Could you provide information about your Python version and encoding?
python --version
python -c "import sys; print(sys.getfilesystemencoding(), sys.getdefaultencoding())"
locale
Could you provide information about your Python version and encoding?
@StyXman :arrow_up:
Sorry, busy with life :(
mdione@diablo:~$ python3
Python 3.9.1+ (default, Jan 10 2021, 15:42:50)
[GCC 10.2.1 20201224] on linux
Type "help", "copyright", "credits" or "license" for more information.
>>> import os
>>> os.environ
environ({'LANGUAGE': 'en_US:es:fr:it', 'LANG': 'en_US.UTF-8', 'LC_TIME': 'es_AR.UTF-8'})
I was pretty sure at least LC_ALL
would be en_US.UTF-8
. I guess LANG
is picked up instead?
Ah:
mdione@diablo:~$ python3 -c "import sys; print(sys.getfilesystemencoding(), sys.getdefaultencoding())"
utf-8 utf-8
mdione@diablo:~$ locale
LANG=en_US.UTF-8
LANGUAGE=en_US:es:fr:it
LC_CTYPE="en_US.UTF-8"
LC_NUMERIC="en_US.UTF-8"
LC_TIME=es_AR.UTF-8
LC_COLLATE="en_US.UTF-8"
LC_MONETARY="en_US.UTF-8"
LC_MESSAGES="en_US.UTF-8"
LC_PAPER="en_US.UTF-8"
LC_NAME="en_US.UTF-8"
LC_ADDRESS="en_US.UTF-8"
LC_TELEPHONE="en_US.UTF-8"
LC_MEASUREMENT="en_US.UTF-8"
LC_IDENTIFICATION="en_US.UTF-8"
LC_ALL=
Thanks, will have another try whether I can reproduce the issue on my machine.
I am also having this problem. My OS is Ubuntu 22.04.4. I installed rgain via apt install replaygain
My failing output:
Collecting files ...
Traceback (most recent call last):
File "/usr/bin/collectiongain", line 6, in <module>
collectiongain()
File "/usr/lib/python3/dist-packages/rgain3/script/collectiongain.py", line 341, in collectiongain
do_collectiongain(args[0], opts.ref_level, opts.force, opts.dry_run,
File "/usr/lib/python3/dist-packages/rgain3/script/collectiongain.py", line 274, in do_collectiongain
collect_files(music_dir, files, visited_cache,
File "/usr/lib/python3/dist-packages/rgain3/script/collectiongain.py", line 117, in collect_files
print(" [%i] %s |" % (i, filepath), end='')
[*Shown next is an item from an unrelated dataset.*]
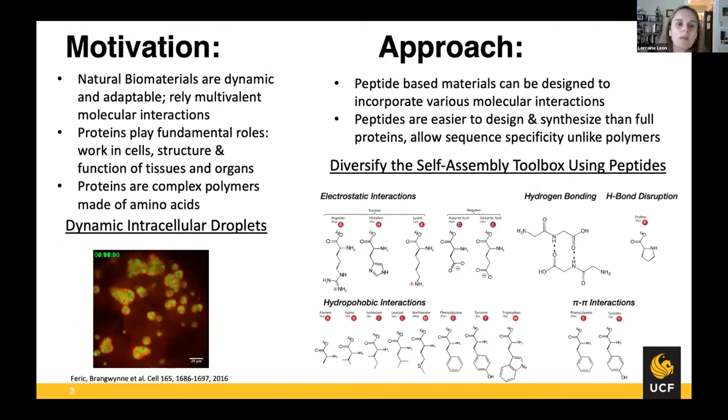In general, our lab is motivated by nature. Nature has very robust materials that are dynamic and adaptable, and they've had millions of years of evolution to create these really amazing structures. The way nature does this is by relying on multivalent molecular interactions. Most of this comes down to proteins. If you ask most people the most important biomolecule, they'll say DNA and RNA — in my view, that's incorrect. The best thing those molecules do is create proteins. Proteins do all the work; they are the workhorse.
UnicodeEncodeError: 'utf-8' codec can't encode character '\udcea' in position 53: surrogates not allowed
python3 -version:
Python 3.10.12
python3 -c "import sys; print(sys.getfilesystemencoding(), sys.getdefaultencoding())":
utf-8 utf-8
locale:
LANG=en_CA.UTF-8
LANGUAGE=en_CA:en
LC_CTYPE="en_US.UTF-8"
LC_NUMERIC="en_US.UTF-8"
LC_TIME="en_US.UTF-8"
LC_COLLATE="en_US.UTF-8"
LC_MONETARY="en_US.UTF-8"
LC_MESSAGES="en_US.UTF-8"
LC_PAPER="en_US.UTF-8"
LC_NAME="en_US.UTF-8"
LC_ADDRESS="en_US.UTF-8"
LC_TELEPHONE="en_US.UTF-8"
LC_MEASUREMENT="en_US.UTF-8"
LC_IDENTIFICATION="en_US.UTF-8"
LC_ALL=en_US.UTF-8
I am happy to report any other information that can help diagnose this problem.
Thanks for reporting.
Non UTF-8 file names are definitely something the script should be able to deal with. You're probably right, that your friend won't be the only one.
This problem should be solvable by making use of PEP 383.
How can I try to use PEP 383 to try to solve this issue?